Copy the lines below verbatim, but only from the line containing "4 Bed Townhouse" through the end of the data.
··· GIVEN DATA
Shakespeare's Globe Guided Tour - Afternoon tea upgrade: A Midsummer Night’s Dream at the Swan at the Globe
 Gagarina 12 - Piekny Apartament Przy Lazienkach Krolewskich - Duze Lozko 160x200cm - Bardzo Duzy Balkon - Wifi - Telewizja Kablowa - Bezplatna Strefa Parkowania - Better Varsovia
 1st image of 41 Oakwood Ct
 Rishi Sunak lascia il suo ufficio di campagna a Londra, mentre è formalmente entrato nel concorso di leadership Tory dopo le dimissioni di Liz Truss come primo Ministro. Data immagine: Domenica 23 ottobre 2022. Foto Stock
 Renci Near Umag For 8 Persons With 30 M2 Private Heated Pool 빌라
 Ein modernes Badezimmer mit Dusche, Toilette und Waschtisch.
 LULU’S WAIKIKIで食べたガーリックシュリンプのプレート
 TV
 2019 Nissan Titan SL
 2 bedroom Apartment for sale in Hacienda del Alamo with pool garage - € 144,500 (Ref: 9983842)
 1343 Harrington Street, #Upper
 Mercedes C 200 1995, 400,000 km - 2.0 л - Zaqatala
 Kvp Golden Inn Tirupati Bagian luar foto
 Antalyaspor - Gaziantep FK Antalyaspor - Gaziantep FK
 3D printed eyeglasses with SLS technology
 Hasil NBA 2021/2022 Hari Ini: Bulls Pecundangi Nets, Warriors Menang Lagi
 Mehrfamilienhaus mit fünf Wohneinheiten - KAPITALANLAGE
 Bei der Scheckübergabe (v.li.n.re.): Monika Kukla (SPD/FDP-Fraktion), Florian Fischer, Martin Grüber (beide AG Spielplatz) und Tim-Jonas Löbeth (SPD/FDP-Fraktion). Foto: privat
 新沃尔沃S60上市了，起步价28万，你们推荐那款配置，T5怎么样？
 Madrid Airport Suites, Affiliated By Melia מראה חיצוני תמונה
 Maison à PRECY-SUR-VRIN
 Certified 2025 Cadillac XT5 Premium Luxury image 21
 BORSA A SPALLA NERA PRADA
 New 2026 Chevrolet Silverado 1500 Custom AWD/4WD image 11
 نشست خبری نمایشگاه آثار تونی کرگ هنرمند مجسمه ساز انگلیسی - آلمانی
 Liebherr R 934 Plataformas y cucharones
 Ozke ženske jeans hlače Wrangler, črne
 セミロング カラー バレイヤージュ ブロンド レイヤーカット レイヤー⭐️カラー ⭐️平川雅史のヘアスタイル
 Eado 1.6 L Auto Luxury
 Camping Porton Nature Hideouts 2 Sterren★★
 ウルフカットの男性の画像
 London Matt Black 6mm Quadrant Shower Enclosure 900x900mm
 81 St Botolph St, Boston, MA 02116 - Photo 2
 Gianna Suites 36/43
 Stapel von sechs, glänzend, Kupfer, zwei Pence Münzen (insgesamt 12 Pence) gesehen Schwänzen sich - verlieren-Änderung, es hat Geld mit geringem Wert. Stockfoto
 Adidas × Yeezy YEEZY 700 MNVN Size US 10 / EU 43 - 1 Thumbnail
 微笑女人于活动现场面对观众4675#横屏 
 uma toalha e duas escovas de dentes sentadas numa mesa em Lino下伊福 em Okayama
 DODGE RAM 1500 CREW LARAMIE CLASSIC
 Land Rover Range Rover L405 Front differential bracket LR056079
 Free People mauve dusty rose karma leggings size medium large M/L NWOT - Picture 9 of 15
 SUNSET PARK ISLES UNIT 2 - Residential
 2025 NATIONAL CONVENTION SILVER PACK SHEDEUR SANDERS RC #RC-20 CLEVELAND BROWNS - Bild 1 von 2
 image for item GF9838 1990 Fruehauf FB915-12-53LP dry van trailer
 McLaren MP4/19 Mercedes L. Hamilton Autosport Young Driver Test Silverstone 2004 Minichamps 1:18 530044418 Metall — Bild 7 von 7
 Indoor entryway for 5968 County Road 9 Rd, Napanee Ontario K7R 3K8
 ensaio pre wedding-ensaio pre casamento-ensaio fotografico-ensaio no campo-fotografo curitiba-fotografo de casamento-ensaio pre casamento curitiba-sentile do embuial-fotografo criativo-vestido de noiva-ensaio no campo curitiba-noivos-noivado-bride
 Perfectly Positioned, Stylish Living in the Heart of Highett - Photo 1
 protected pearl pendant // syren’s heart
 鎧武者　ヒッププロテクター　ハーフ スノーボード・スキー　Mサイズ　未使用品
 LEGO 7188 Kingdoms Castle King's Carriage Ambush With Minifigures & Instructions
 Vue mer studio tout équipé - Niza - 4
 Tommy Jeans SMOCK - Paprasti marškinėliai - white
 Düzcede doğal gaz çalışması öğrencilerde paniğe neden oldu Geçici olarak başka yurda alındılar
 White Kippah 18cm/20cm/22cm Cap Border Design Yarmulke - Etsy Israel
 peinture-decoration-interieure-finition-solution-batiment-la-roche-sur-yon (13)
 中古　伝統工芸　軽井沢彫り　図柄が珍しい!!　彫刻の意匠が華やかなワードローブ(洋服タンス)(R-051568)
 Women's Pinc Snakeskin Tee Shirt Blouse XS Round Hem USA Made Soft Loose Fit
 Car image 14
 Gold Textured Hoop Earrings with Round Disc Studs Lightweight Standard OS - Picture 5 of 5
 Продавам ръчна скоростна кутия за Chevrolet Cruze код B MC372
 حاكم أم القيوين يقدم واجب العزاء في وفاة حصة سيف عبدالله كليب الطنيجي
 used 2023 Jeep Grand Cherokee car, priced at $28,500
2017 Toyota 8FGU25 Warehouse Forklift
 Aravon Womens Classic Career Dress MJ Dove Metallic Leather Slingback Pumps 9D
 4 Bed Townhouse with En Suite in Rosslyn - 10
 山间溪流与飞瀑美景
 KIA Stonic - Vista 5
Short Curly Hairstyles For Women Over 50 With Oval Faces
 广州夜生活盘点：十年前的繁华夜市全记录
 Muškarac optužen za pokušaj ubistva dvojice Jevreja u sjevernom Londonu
······
*OUTPUT FOR THIS EXERCISE*
 4 Bed Townhouse with En Suite in Rosslyn - 10
 山间溪流与飞瀑美景
 KIA Stonic - Vista 5
Short Curly Hairstyles For Women Over 50 With Oval Faces
 广州夜生活盘点：十年前的繁华夜市全记录
 Muškarac optužen za pokušaj ubistva dvojice Jevreja u sjevernom Londonu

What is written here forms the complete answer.